I am always aware of my body. It is because I am a slave to my ethnicity. Being of Mexican descent is a defining and sizable component of my identity. It glues my limbs together. There are few parts I attempt to discard or alter, even when they are likely to destroy me.
My culture demands curves that I do not possess. I spend my nights binging on fattening foods, with little weight gain to show for it. My cupboards are emptied in a manic pursuit to change a shape that has been criticized by some men I have been attracted to, and some women who say they are only showing concern. They ask if I am struggling with anorexia, and will not ease with their line of questioning, despite giving them a thorough account on what I eat throughout the day, which surpasses three meals.
Sometimes I think I have evolved past caring what someone may think of me.
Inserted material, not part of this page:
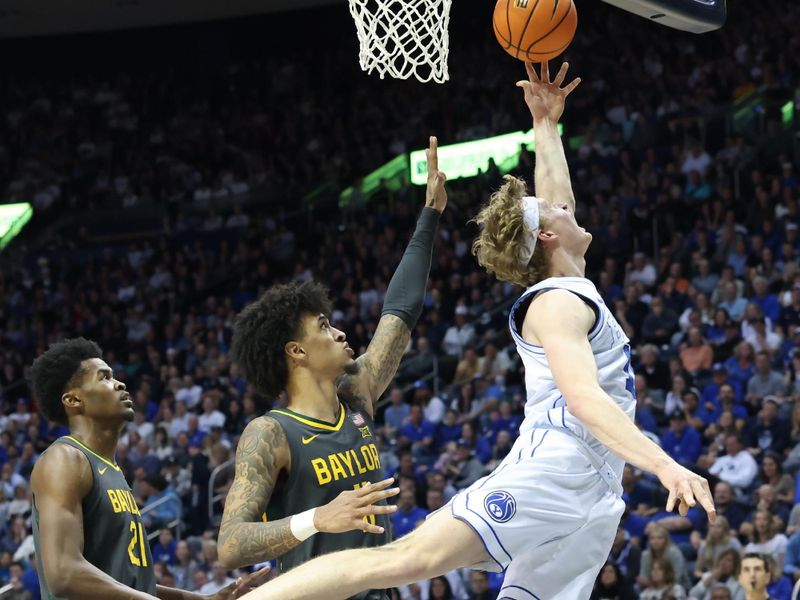 Feb 20, 2024; Provo, Utah, USA; Brigham Young Cougars guard Richie Saunders (15) goes to the basket against Baylor Bears forward Jalen Bridges (11) during the second half at Marriott Center. Mandatory Credit: Rob Gray-USA TODAY Sports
Mostly, that is true. Finding myself on a journey to address what has held me back, allows for the observation that the most important opinion, in regards to anything having to do with me, will always come from my own mind. Truly, there is nothing a person can say that wears me down, the way self-abuse can.
What I seek in finding ways to conform to another’s standards, is to fit in enough to move with absolute freedom. I do not want to be a woman who is considered a living papier-mâché doll, queer from the outside in. My private world often bursts out, taking steps forward before I do. I want to be like everyone else. If that is impossible, then by appearance alone will suffice.